We chose Hazelnuts for a number of reasons. They include:

  • We wanted to grow a nut crop.
  • Suited to our Wairarapa local soil and water table.
  • Lower maintenance than most tree crops.

With the initial assistance of Murray Redpath of Wairata Hazels we have now planted more than 500 trees, with many more to come. Our first plantings were in the winter of 2001.

Chosing varieties has to be done carefully, as pollination is an issue, so it pays to have an expert with local knowledge to advise you. Hazels flower in the middle of winter, and prevent self fertilisation by simply having male flowers (catkins) first, then the tiny red female flowers later.

Thus to get a good crop it is vital to have some pollinator varieties that will have the male catkins shedding pollen at same time as your main crop varieties are bearing the female flowers. Which varieties are best will vary depending on the local conditions.

Another consideration is whether you are growing for in-shell, or mechanically cracked nuts.

Our first plantings were Barcelona and Tonda Romano plus pollinators, targeting in-shell markets.

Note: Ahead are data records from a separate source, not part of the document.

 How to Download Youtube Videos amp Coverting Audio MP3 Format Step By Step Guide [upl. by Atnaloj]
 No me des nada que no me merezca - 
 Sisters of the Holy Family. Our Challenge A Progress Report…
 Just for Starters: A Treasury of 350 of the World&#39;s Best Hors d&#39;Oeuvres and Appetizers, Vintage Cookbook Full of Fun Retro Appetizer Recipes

Later plantings have been mainly Whiteheart plus pollinators more suited to cracked nut markets.

Each variety has its uses, based on physical characteristics. Whiteheart is a small nut, therefore not well suited to in shell use, but it cracks cleanly an has a distinct slightly malty taste. Nuts like Ennis and Barcelona are large, look great, and have large tasty kernels, making them good for in shell use, but they don’t crack so well in bulk.

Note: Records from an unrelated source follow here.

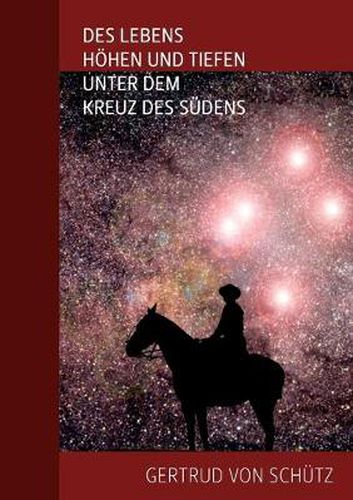 Cover image for Des Lebens Hoehen und Tiefen unter dem Kreuz des Sudens
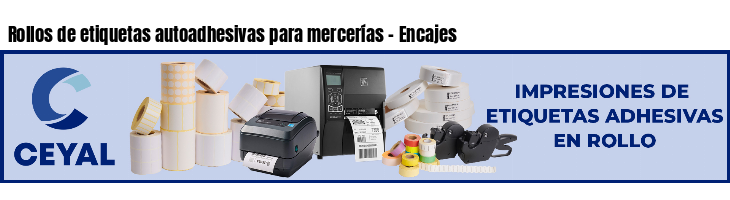 Rollos de etiquetas autoadhesivas para mercerías - Encajes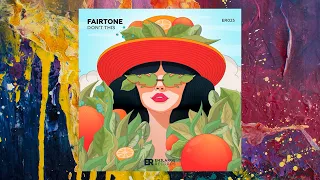 Fairtone — Don't This (Original Mix)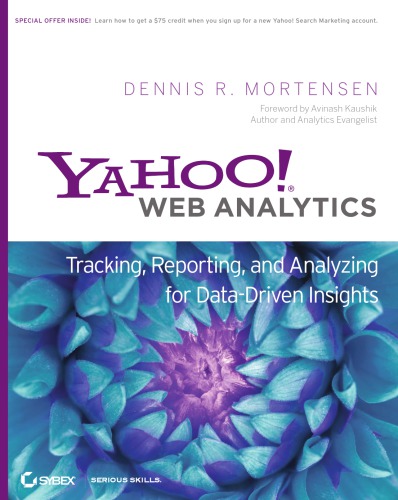 Yahoo! Web analytics: tracking, reporting, and analyzing for data-driven insights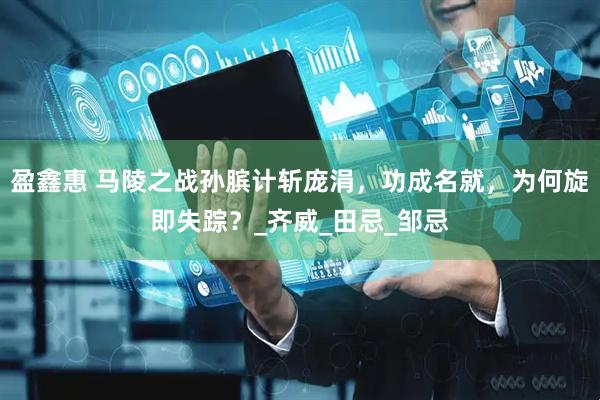 盈鑫惠 马陵之战孙膑计斩庞涓，功成名就，为何旋即失踪？_齐威_田忌_邹忌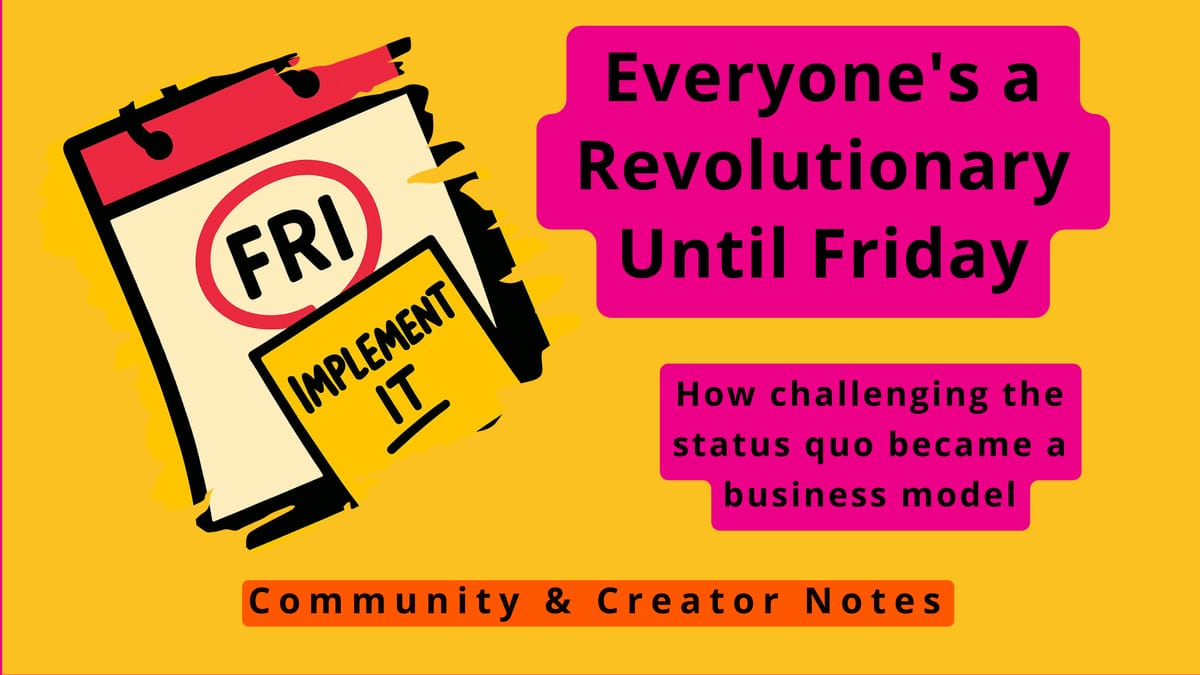 Everyone's a Revolutionary Until Friday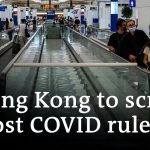 Hong Kong drops COVID tests for international arrivals | DW News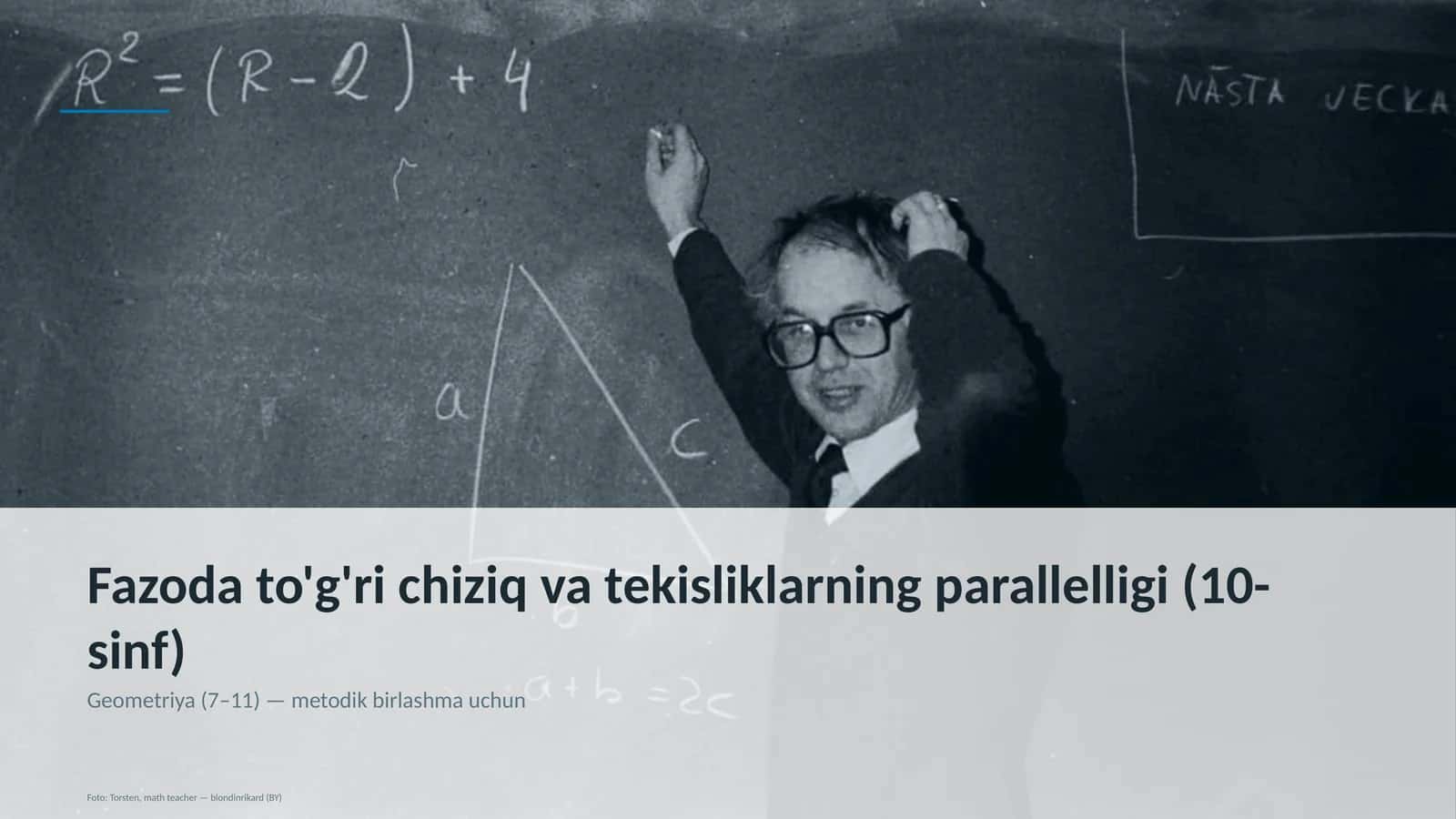 Fazoda to'g'ri chiziq va tekisliklarning parallelligi (10-sinf)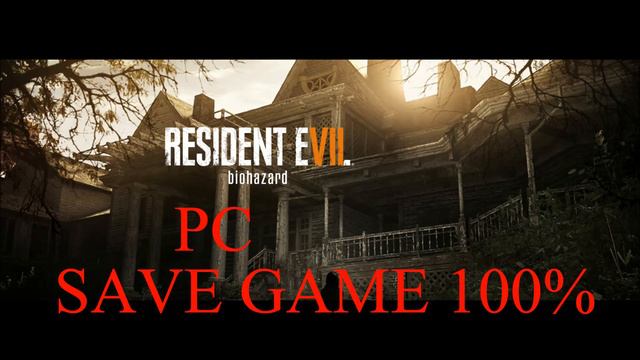 Resident Evil 7 PC SaveGame 100% смотреть онлайн
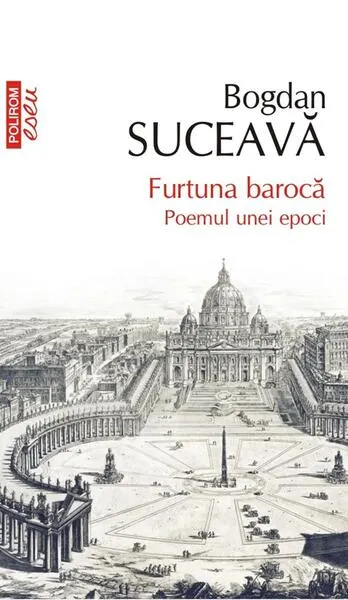 Furtuna barocă - Paperback brosat - Bogdan Suceavă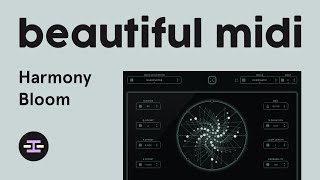 Video thumbnail for Harmony Bloom – A Beautiful MIDI Sequencer Plugin by Oscilop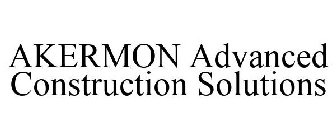AKERMON ADVANCED CONSTRUCTION SOLUTIONS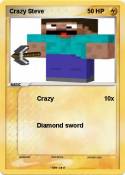 Crazy Steve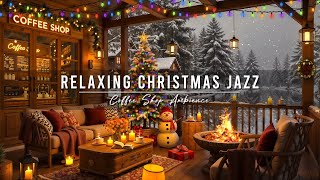 Christmas Jazz Music with Warm Crackling Fireplace to Relax 🎄 Cozy Christmas Coffee Shop Ambience [upl. by Alliehs626]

A nut from a polinator like Kens’s Late (late as in flowering late) is interesting, but the irregular shaped nuts are very difficult to bulk crack, and the kernel weight is low relative to the shell.

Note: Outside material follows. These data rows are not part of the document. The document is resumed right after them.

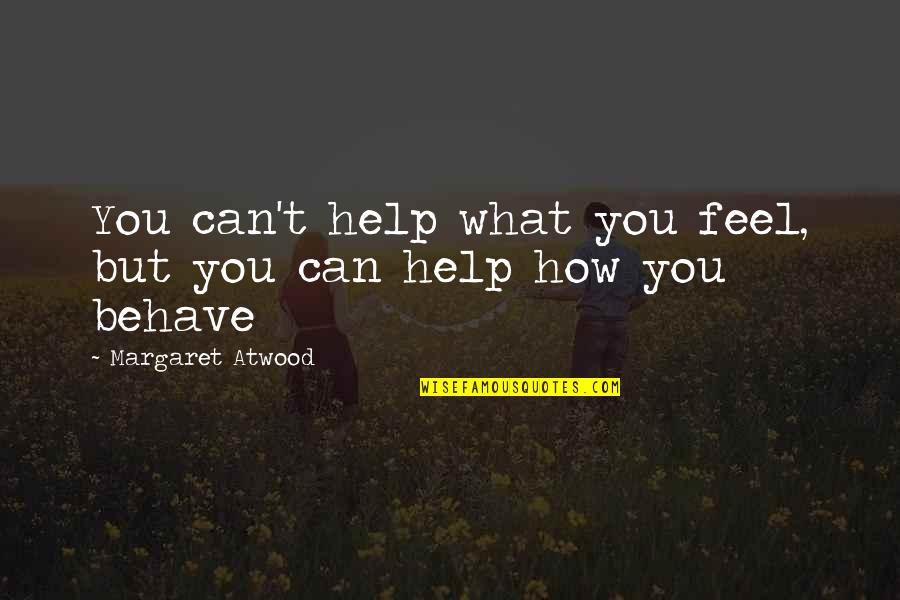 Behave Quotes By Margaret Atwood: You can't help what you feel, but you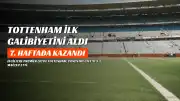 Tottenham, 7. haftada ilk galibiyetini aldı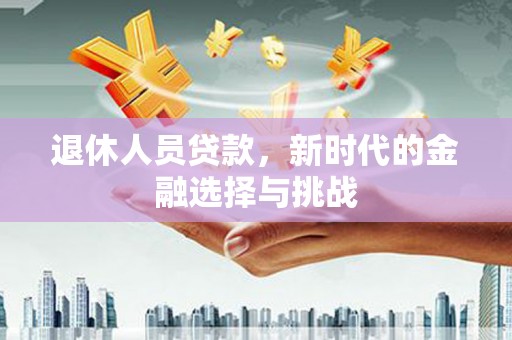 盐湖退休人员贷款，新时代的金融选择与挑战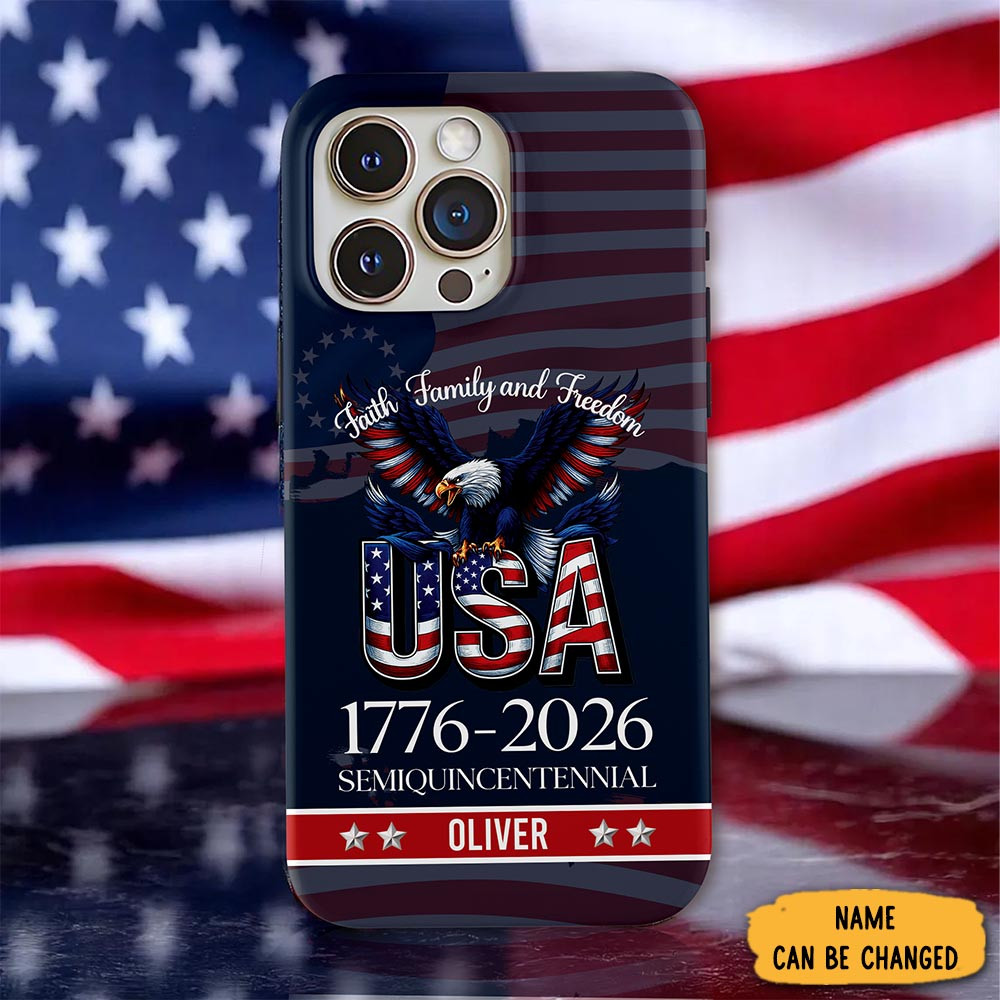 Personalized Faith Family Freedom America 250 Years Phone Case Fourth Of July Gifts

We have avoided varieties susceptible to big-bud mite, in particular Appleby. We have not had to use insecticides or fungacides to control pests and diseases, though there is a very low level of background insect damage.

Hazelnuts do not need to be picked when ripe. They will fall to the ground when ready, around February into March in the Wairarapa. For a quality product the fallen hazelnuts should not be left on the ground long, as dirt and rain will mar their beautiful wood-grain looks. Rats will eat them too, though we haven’t found this a problem with regular pick-ups.

Suckers — shoots growing from the roots, mostly at the base of the plant — are the biggest maintenance issue. They come on strong all growing season and past autumn, even as the main plant has died back for winter. Unfortunately, the suckers are the propagation method for hazelnut nurseries, so little effort appears to have gone into breeding low sucker varieties.

Caterpillars and cankers (die-back in part of the trunk or a branch) are the only other issues we have had.

Hazelnut Photos

Nut Types
Some example nuts, left to right:

top row
Lansing, Keen’s Late, Barcelona

bottom row
Tonda di Giffoni, Tondo Romano, Whiteheart


Barcelona Hazelnut at 10 years
Barcelona Hazelnut at 10 years.


Hazelnut in bud burst
Young hazelnut at bud break.


Hazel catkin (male flower)
The male hazel catkins (also female flower bud above catkin).


Hazel flowers (female)
The female hazel flowers.


Nut forming
After flowering the hazelnuts start to form.


Young suckers
Suckers on Whiteheart after a few weeks.


Suckers after a few months growth
Suckers after a few months growth. Past time to prune!